Let me try to clarify then - I have never done a numerical simulation of an inviscid vortex ring. A vortex ring is an INVISCID model of a viscous phenomenon, to wit a vorticity concentration in the shape of a ring, such as would develop from a pulse of fluid being ejected from an orifice. I have done simulations of such VISCOUS flows, with good results in terms of the vorticity convection and self-induced motion. As noted (in the original answer to your question concerning software capability) there are modern CFD tools which are quite capable of doing this, many of which you can probably find on the open market. It is simply a question of good numerics, which can be readily evaluated by looking at similar problems such as vortex shedding from a cylinder in cross-flow, or the tracking of a vorticity concentration undergoing advection. These are standard test cases that can indicate how good a solver does at hadling these regions of vorticity, and if you want to evaluate a particular algorithm then you should include them in your validation suite. I do that all the time when looking at algorithms. If you must restrict yourself to an inviscid vortex ring then do yourself a favor and look up how to use the Biot-Savart law to compute the self-induced motion of a vortex ring. It is a classic problem in fluid mechanics - I would recommend the texts by Streeter, or Batchelor, or Horace Lamb. But if you are genuinely interested in flow over automobiles (as stated in your original post) then you are going to have to include viscosity. So to answer your question one more time - there are modern solvers that can track vorticity (even vorticity in the shape of a ring). I have done it in a variety of viscous cases. I have not done it for an inviscid vortex ring, because I have no pressing reason to do so - I don't live in an inviscid world. I also have every confidence that the codes I use which can convect vorticity correctly in a viscous flow will work fine if I turn viscosity off.

At this point, either I have answered your original questions, or we are simply talking past one another and I have no real clue exactly what you were trying to ask.

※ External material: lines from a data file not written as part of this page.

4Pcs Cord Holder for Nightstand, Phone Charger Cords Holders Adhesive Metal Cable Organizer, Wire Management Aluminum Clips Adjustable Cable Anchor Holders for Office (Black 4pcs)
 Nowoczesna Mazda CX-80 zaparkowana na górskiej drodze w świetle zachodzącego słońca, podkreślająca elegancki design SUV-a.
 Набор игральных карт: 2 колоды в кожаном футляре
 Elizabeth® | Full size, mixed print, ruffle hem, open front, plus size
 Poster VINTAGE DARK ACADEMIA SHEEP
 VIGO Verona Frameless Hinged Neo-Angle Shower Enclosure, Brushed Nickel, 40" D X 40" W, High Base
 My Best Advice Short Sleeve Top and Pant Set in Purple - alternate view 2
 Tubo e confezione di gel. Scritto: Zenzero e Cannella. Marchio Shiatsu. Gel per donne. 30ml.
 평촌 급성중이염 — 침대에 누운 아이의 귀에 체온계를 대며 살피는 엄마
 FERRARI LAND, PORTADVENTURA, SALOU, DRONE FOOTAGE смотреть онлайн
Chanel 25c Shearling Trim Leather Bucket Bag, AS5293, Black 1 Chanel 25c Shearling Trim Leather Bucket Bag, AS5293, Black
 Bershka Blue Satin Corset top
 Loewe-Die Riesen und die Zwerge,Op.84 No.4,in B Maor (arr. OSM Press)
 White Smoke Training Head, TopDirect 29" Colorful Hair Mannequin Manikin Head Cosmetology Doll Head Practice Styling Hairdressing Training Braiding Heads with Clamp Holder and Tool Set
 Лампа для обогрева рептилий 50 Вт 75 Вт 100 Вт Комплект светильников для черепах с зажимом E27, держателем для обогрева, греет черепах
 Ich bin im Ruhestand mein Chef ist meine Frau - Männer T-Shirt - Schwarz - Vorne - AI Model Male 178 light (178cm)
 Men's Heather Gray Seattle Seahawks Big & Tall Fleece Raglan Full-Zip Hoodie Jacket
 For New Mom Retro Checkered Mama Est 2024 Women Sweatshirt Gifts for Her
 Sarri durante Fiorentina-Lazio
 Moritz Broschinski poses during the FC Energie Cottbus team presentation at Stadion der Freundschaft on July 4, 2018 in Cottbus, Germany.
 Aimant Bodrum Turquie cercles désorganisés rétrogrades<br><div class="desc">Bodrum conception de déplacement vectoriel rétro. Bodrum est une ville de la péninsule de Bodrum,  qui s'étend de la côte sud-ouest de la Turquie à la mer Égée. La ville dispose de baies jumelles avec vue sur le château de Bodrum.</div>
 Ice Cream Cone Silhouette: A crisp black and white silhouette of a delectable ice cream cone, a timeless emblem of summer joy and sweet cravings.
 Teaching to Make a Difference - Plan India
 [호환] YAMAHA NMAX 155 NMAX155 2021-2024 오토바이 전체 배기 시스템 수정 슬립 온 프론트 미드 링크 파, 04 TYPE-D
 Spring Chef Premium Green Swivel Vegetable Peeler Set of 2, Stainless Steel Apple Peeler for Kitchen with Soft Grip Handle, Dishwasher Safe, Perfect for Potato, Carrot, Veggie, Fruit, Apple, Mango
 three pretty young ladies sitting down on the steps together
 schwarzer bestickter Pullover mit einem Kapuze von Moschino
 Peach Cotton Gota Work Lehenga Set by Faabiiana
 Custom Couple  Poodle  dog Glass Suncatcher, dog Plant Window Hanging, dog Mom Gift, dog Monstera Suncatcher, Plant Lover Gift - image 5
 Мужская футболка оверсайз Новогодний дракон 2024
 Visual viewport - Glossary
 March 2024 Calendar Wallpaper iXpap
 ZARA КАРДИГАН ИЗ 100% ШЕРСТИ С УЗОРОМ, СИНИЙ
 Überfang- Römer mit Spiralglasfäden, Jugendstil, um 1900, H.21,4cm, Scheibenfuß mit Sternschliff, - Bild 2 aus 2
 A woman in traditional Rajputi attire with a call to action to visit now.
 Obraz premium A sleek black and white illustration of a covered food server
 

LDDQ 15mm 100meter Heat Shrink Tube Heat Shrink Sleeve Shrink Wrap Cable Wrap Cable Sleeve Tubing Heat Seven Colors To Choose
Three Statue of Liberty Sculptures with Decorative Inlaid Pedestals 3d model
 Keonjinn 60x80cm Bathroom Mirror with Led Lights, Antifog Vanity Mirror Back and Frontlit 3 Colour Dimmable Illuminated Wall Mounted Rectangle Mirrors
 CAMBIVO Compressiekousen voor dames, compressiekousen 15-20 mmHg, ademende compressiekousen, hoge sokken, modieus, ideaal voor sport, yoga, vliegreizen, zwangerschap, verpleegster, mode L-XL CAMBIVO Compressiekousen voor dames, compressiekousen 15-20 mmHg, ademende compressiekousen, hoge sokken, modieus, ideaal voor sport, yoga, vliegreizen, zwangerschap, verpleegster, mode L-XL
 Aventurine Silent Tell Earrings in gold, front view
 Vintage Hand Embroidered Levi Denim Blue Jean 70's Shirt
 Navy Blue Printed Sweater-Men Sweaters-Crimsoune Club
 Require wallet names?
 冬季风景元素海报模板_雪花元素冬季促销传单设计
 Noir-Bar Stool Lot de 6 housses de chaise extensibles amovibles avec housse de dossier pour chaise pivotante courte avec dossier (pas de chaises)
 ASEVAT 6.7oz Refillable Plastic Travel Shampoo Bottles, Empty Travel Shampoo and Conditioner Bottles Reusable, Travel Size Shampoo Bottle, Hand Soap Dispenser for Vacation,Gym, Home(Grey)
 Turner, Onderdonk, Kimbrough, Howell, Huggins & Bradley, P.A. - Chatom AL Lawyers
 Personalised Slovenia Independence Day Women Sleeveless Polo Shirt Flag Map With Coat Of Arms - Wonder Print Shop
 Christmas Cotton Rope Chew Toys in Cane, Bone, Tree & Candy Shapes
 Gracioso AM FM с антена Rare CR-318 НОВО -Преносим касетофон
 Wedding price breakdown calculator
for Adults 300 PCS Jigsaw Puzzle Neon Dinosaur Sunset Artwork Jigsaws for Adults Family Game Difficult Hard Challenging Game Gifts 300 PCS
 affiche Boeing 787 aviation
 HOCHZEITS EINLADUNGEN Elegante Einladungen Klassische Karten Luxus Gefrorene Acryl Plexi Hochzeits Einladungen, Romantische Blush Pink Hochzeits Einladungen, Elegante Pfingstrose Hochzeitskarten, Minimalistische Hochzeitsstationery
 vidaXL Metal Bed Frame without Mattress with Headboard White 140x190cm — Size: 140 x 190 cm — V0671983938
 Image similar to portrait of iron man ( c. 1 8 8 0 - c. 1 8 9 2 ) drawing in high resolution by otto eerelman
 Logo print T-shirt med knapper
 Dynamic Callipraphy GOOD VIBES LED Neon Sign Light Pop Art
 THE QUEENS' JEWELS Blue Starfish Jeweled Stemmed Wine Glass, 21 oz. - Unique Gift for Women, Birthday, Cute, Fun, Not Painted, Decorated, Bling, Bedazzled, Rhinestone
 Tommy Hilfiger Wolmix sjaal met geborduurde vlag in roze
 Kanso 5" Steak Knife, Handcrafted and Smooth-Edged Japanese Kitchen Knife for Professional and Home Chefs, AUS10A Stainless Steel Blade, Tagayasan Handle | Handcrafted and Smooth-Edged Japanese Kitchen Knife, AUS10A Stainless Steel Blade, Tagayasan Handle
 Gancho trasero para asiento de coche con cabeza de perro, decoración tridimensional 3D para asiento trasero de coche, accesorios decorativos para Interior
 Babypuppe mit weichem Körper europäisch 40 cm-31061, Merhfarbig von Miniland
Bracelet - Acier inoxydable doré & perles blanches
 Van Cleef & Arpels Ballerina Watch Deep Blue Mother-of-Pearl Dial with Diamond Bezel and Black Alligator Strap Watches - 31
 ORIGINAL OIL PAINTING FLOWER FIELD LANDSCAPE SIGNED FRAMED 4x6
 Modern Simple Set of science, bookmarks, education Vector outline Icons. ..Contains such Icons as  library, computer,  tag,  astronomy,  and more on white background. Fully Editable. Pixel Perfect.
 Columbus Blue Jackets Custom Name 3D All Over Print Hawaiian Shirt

you keep saying inviscid. are you saying a smoke ring somehow manages to remove all viscosity or that the phenomenon can only be replicated in simulation if viscosity is set to zero? you may not live in an inviscid world but you live in a world where smoke rings are real.

it also sounds like you're saying that vorticity requires special handling as opposed to a simple universal model akin to 'cheating' or hacking when you say "there are modern solvers that can track vorticity". am I understanding that correctly?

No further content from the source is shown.